Friday, 26 October 2007

Which way will she break?


Although the price bar from yesterday must be classified as “uptrending” it was not the strongest day in history. In fact, our swing indicator remained negative and so the price pulse down is still in effect from Tuesday’s high. It was also a Reversal Day since we made a new high but closed below the open and yesterday’s close. My stop was hit on SH during Thursday.
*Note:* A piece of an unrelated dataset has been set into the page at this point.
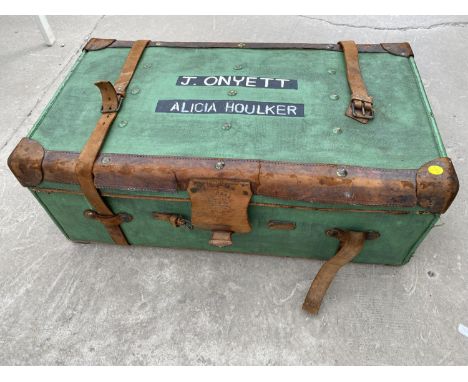 A TRAVEL TRUNK WITH LEATHER FITTINGS BY FINNIGAN'S, 18 NEW BOND STREET, LONDON, MANCHESTER AND LIVERPOOL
Note on today’s chart how the long (green) and medium (blue) moving averages contained the price action. My ongoing belief is that we made a short-term (or greater) low on Wednesday. If the market can exceed yesterday’s high today the odds become 50/50 that the move from 10/11 is over. If we can keep the rally going into early next week I will become even more convinced.The bearish case is that an a-b-c correction is not the correct interpretation from the high. That count would be a 1-2-3 with the last few days being wave 4. This Elliott count would require a move to new lows over the next few days.
Bottom Line: Still waiting for a technical “buy” signal, or even a price fractal low or Change-In-Trend (CIT) of the price pulses. On the sidelines for now.